**AIM OF THE EXERCISE:** Please begin with the line containing "Inaka no Home" and reproduce each line exactly until the records below end, without any pictures.

**ENTRIES SHOWN:**
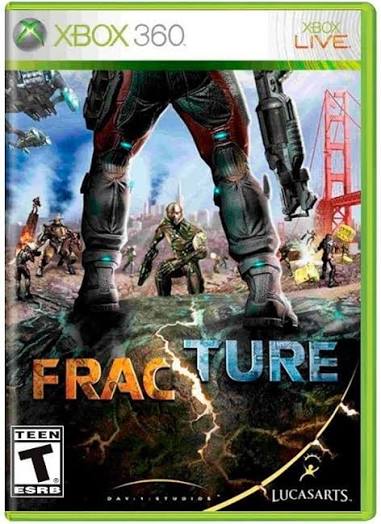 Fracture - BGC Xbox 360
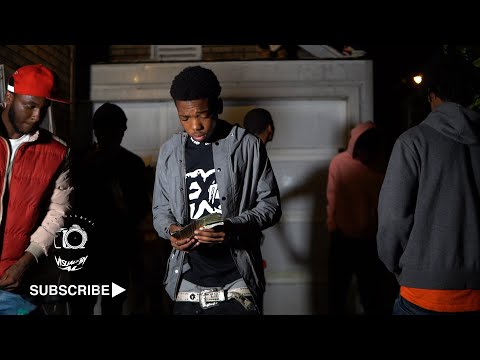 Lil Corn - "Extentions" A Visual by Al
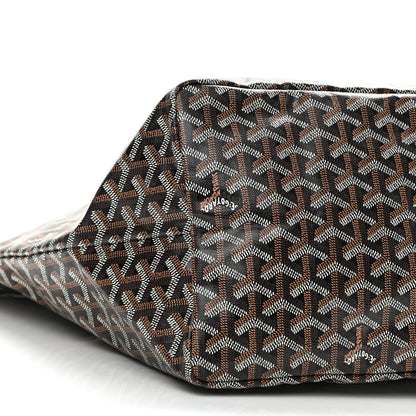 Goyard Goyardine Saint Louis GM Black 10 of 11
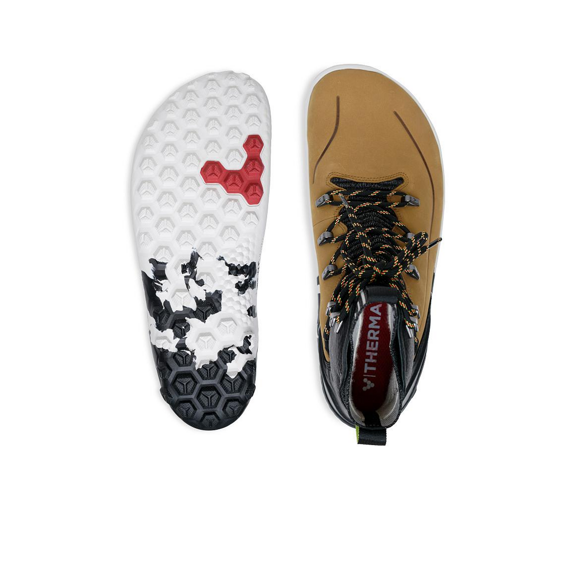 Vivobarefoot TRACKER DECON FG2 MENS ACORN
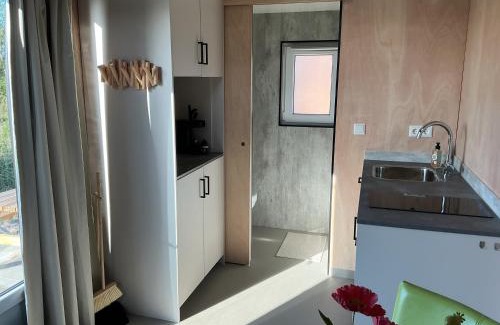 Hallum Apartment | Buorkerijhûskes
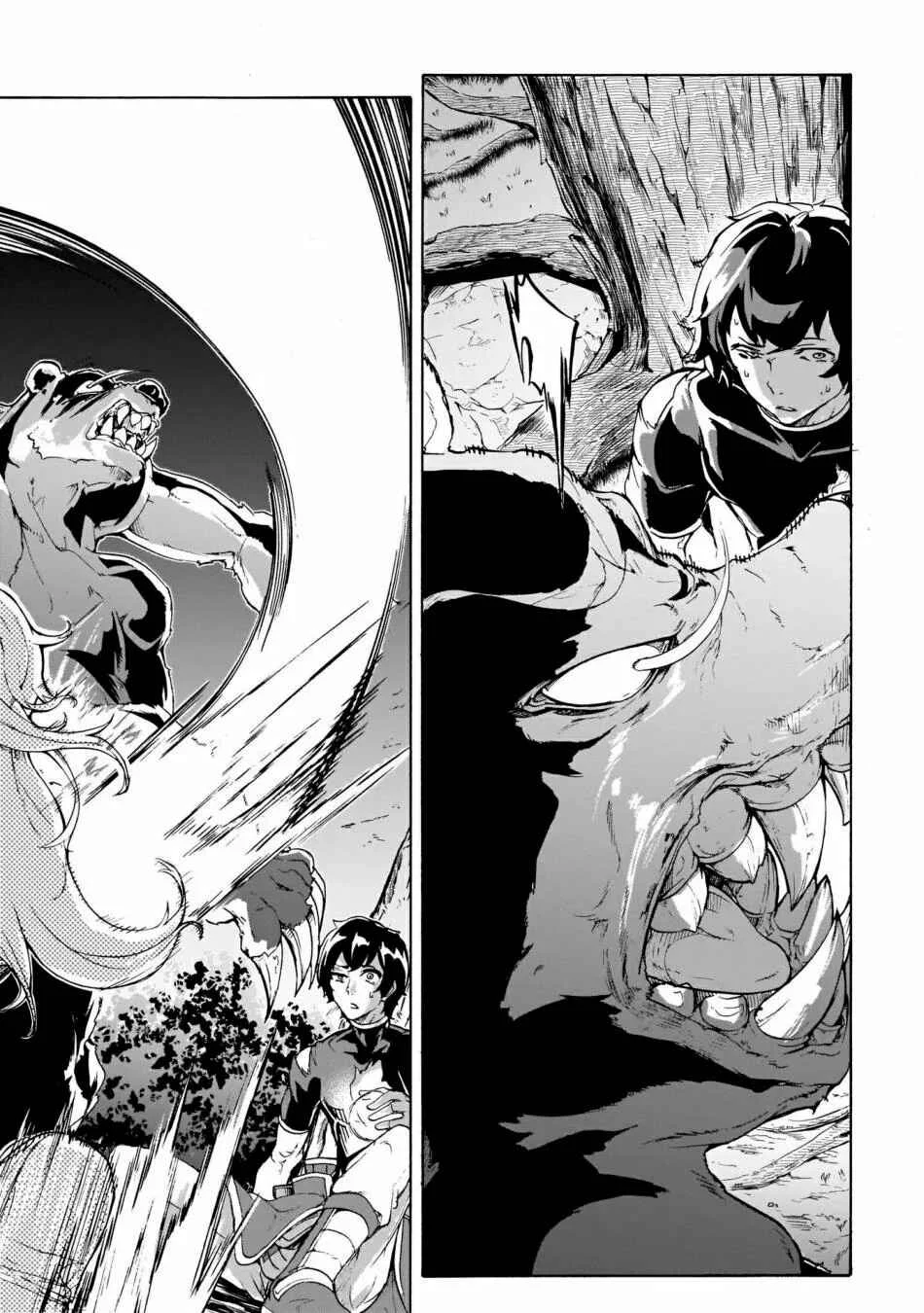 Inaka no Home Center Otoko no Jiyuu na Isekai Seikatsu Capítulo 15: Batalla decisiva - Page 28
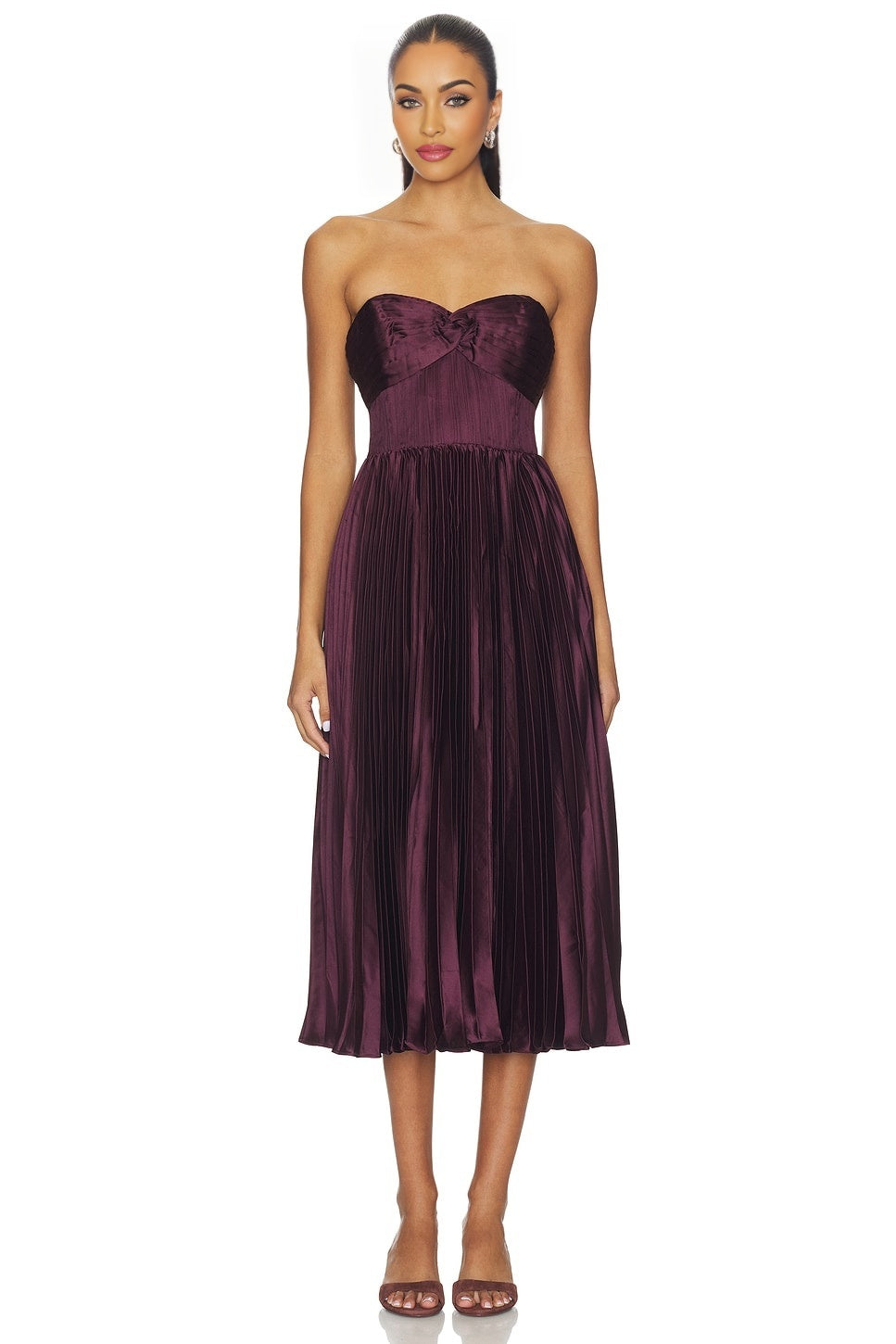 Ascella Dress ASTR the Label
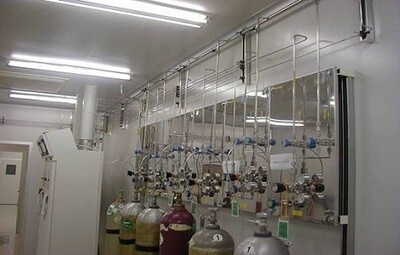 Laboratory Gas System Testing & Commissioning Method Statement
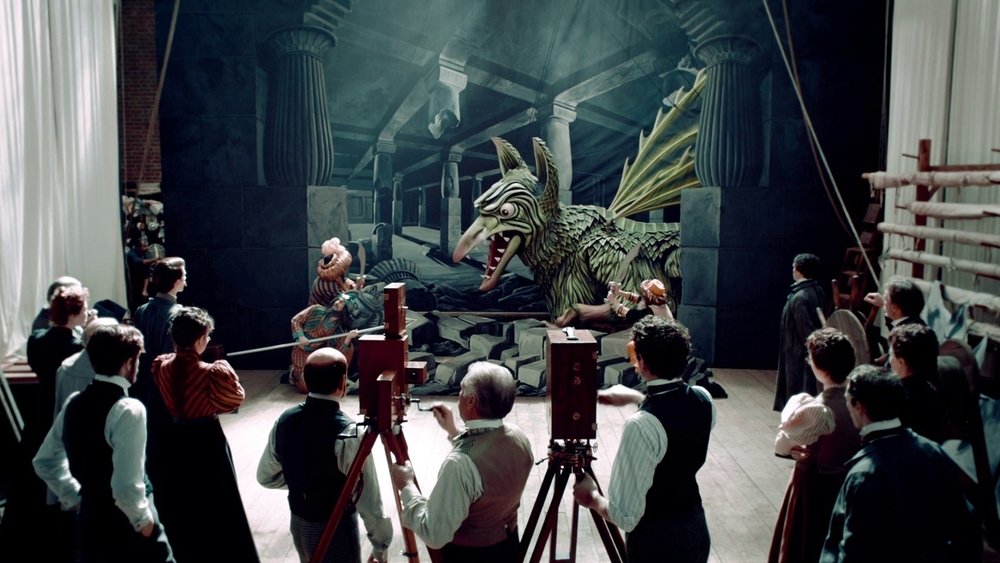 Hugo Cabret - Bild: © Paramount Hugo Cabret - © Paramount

**SOLVED PROBLEM:**
 Inaka no Home Center Otoko no Jiyuu na Isekai Seikatsu Capítulo 15: Batalla decisiva - Page 28
 Ascella Dress ASTR the Label
 Laboratory Gas System Testing & Commissioning Method Statement
 Hugo Cabret - Bild: © Paramount Hugo Cabret - © Paramount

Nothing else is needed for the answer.